|Second Test, day four, St George's, Grenada|
|West Indies 299 & 202-2: Brathwaite 101*,Bravo 69|
|England 464: Root 182*, Bishoo 4-177|
England were frustrated by Kraigg Brathwaite's composed century as West Indies had the better of the fourth day of the second Test in Grenada.
His 101 not out took the home side to 202-2, a lead of 37.
Earlier, England moved their overnight 373-6 to 464 all out, with Joe Root ending unbeaten on 182.
On a pitch that remains lifeless, a draw seems the most likely result, lengthening England's wait for a first overseas win since 2012.
|A young man's game|
|At 24 years and 115 days, Joe Root is the second youngest Englishman to reach 2,000 Test runs, after Alastair Cook, who was 23 and 79 days.|
|Kraigg Brathwaite, at 22 years and 144 days, is the third youngest West Indian to reach four Test centuries, after George Headley and Gary Sobers.|
If a positive result on the final day is possible, then it is Alastair Cook's men who are more likely to earn a 1-0 series lead.
However, the lack of opportunities created in the turgid afternoon and evening sessions suggest that an attack lacking variety will find it hard to take the eight wickets required quickly enough for a run-chase to be undertaken.
"We'll chase anything, we just need enough time," Root told BBC Sport. "We have to have a really good session with the ball in the morning.

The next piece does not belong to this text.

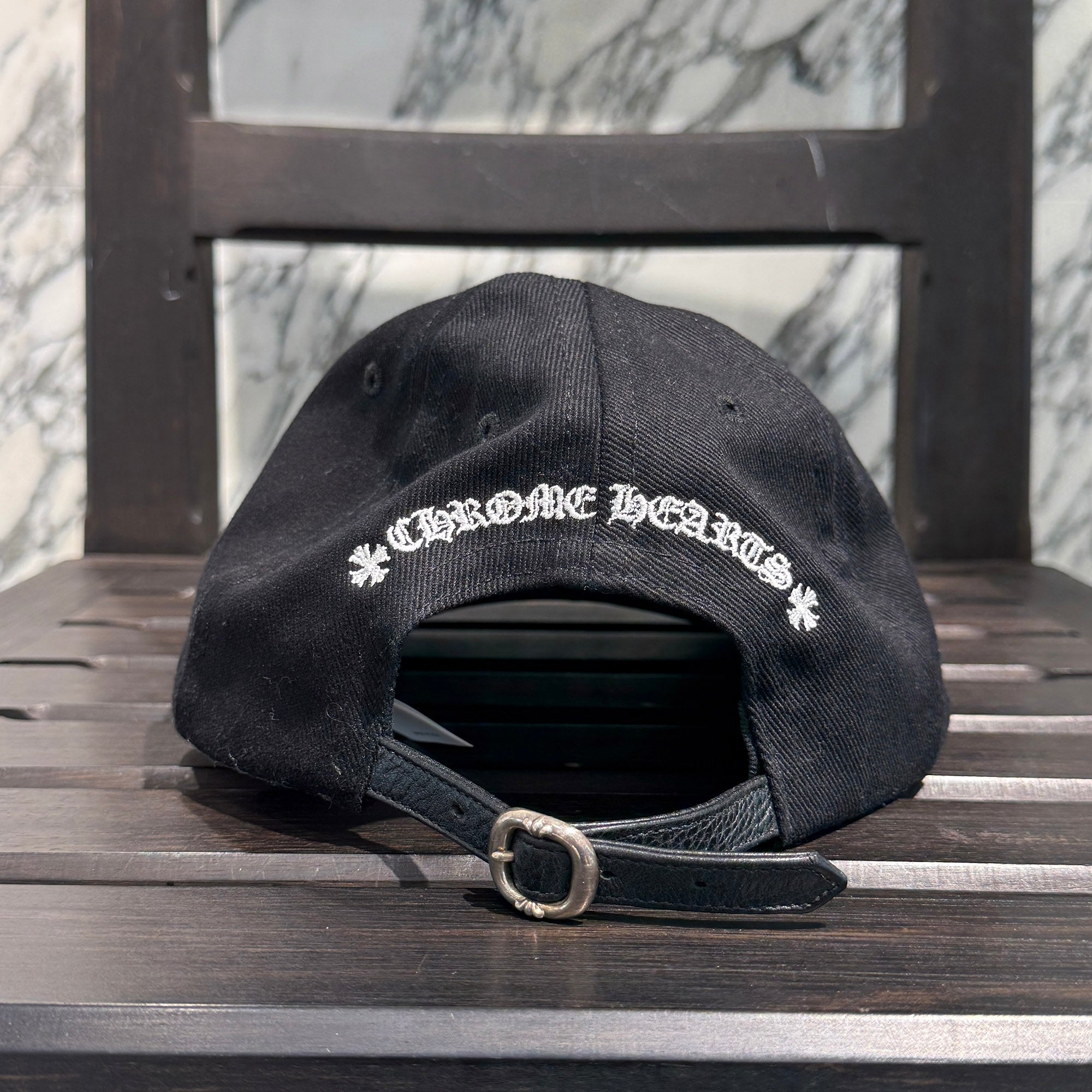 CHROME HEARTS × MATTY BOY Chomper Embroidery Leather Belt Trucker Cap Size ONE SIZE (53-60) クロムハーツ × マッティボーイ チョンパー刺繍 レザーベルト トラッカーキャップ ONE SIZE (53-60)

"West Indies need need a lot of credit for the way they played tonight. They were under quite a bit of pressure with lead we had, but they have got themselves back in the game.

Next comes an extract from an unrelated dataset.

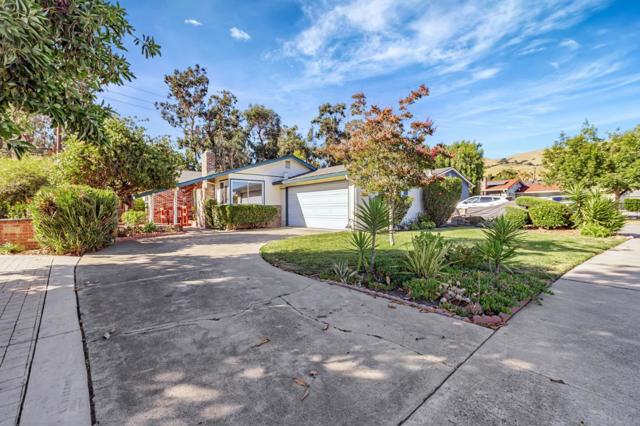 987 Selby Lane, San Jose CA: https://media.crmls.org/mediaz/1a59c819-8917-4c48-9e22-d839363f4af6.jpg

"We will have a scrap on our hands if we want to get a result."
England will at least have the opportunity to bowl with a new ball and will hope to find the swing movement that made James Anderson dangerous before lunch, when Devon Smith failed to withdraw his bat from an outswinger and deflected the ball on to his stumps.

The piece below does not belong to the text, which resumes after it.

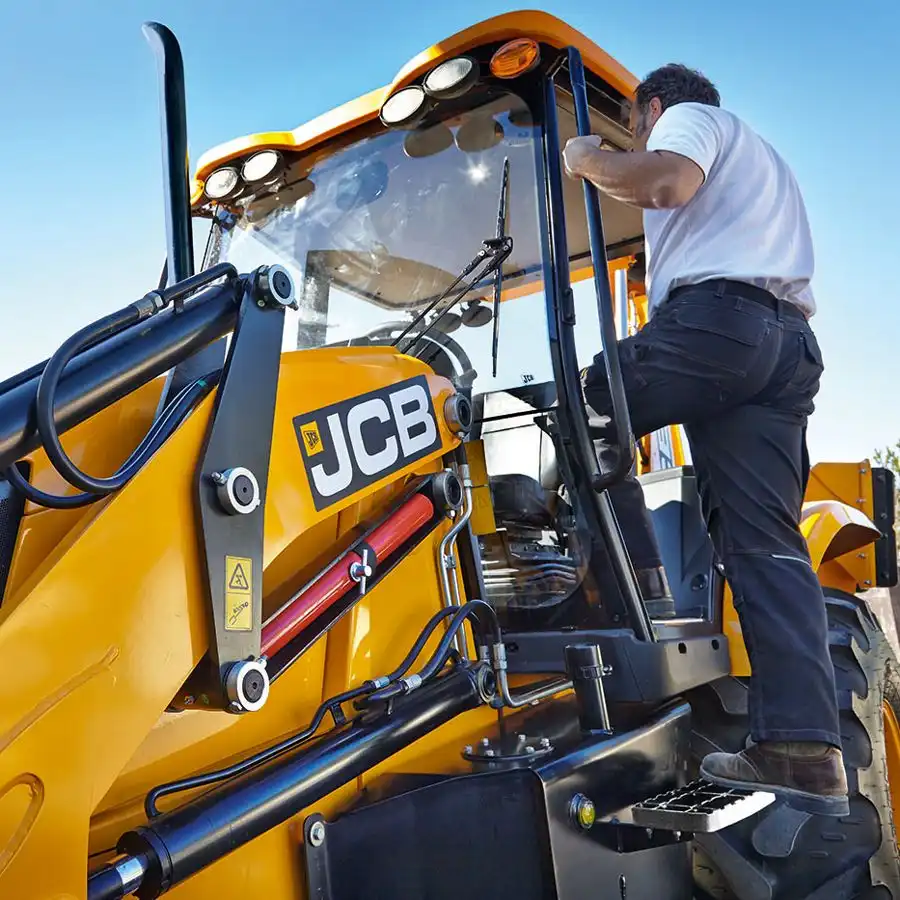 La Retroexcavadora JCB 3CX posee una Cabina FOPS ROPS.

Thereafter, Brathwaite and Darren Bravo made England toil on a surface showing little pace or bounce and only slow turn.
They shared 142 for the second wicket, with Brathwaite overcoming some early uncertainty outside off stump to cut repeatedly and the more assured Bravo occasionally unfurling flamboyant drives.
In the face of West Indian patience, England were able to create nothing more than half-chances. Stuart Broad almost had Brathwaite glove to slip, while the otherwise disappointing off-spin of Moeen Ali saw Bravo flash past gully and and Brathwaite nearly lob to mid-wicket.
In the end, mid-way through the evening session, England's perseverance with a plan of hanging the ball outside off stump paid off as Bravo edged Broad through to wicketkeeper Jos Buttler.
Brathwaite remained, joined by Marlon Samuels, who received no obvious response to the saluting send-off he gave Ben Stokes on the third evening.
The right-handed opener was the recipient of a failed lbw review from the bowling of Chris Jordan, then completed his fourth Test century with another cut off Anderson.
|Ex-England off-spinner Graeme Swann on Test Match Special|
|"England have got to remember the West Indies are only 37 ahead, with 98 overs left. I reckon you've got 50 overs to bowl the West Indies out, until tea. It's not doom and gloom. Those who play club cricket will often take those wickets in 50 overs, but I guess not on a pitch like this. I'm expecting a Calypso collapso at some stage."|
That sealed an ideal day for West Indies, who chipped through the England batting in the morning session with plenty of help from the tourists.
The impressive leg-spin of Devendra Bishoo had Buttler stumped by some distance and Broad caught from a gloved sweep, either side of Jordan being run-out in a mix-up with Root.
That was the only mistake of an imperious Root knock, the 24-year-old becoming the second-youngest England player to reach 2,000 Test runs and only the ninth man to make four scores in excess of 150 before the age of 25.
Cutting the seamers and looking to hit straight or slog-sweep against Bishoo, he farmed the strike when partnered with last-man Anderson to add 33 for the 10th wicket.
He looked primed for a second Test double hundred, but was denied when Anderson was run-out in dozy fashion, failing to ground his bat, perhaps not expecting Jason Holder to gather a return from high above his head.
In frustration, Root hit the ground with his bat and threw his helmet when across the boundary edge, while the visitors were left short of a lead that would pressure West Indies.
Ultimately, though, it is wickets, rather than runs, that are the problem for England.